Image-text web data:
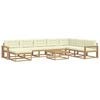 vidaXL Set di divani da esterno 9 pz Bianco e Crema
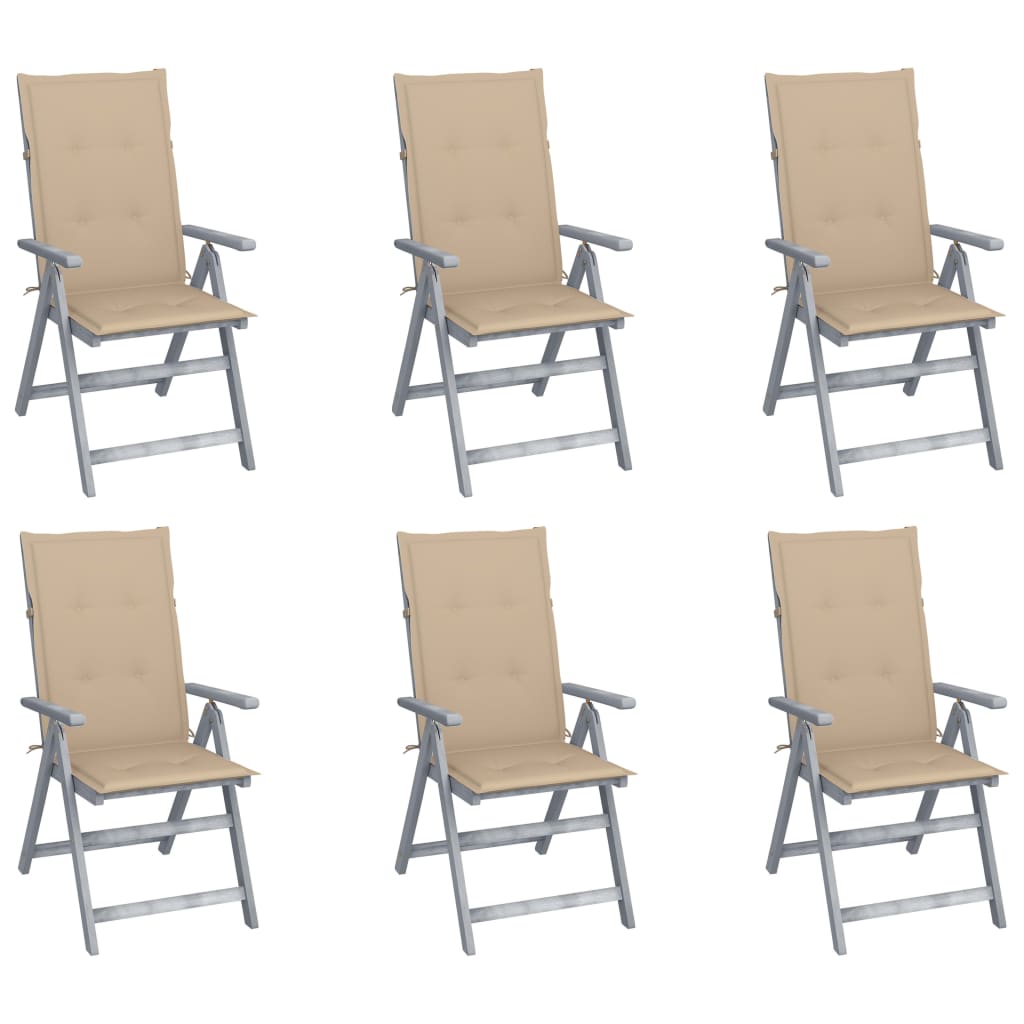 vidaXL Garden Reclining Chairs 6 pcs with Cushions Solid Acacia Wood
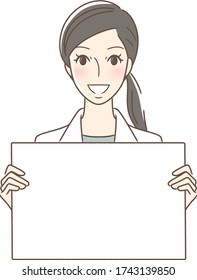 Illustration of a woman facing front with a smiling flip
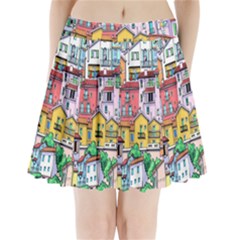 Menton Old Town France Pleated Mini Skirt by Bedest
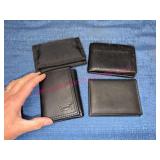 4 Wallets: 3 Leather & 1 Nylon Trifold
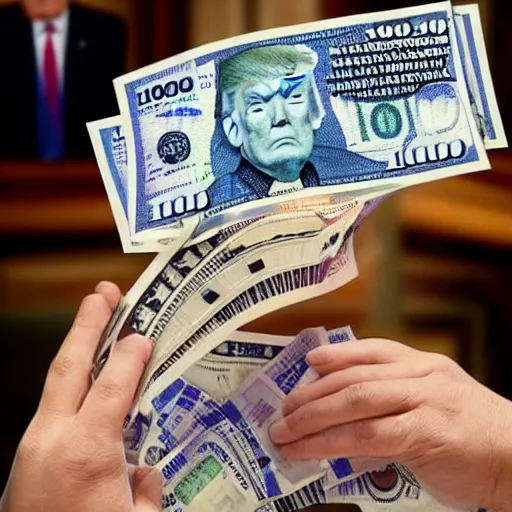 Image similar to trump in the 1000$ bill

YOUR TASK >> Beginning at the line that contains "Menton Old Town", retype each line of the data above through the very last one. Do not retype the pictures.

ANSWER SPACE >>
 Menton Old Town France Pleated Mini Skirt by Bedest
 4 Wallets: 3 Leather & 1 Nylon Trifold
 Image similar to trump in the 1000$ bill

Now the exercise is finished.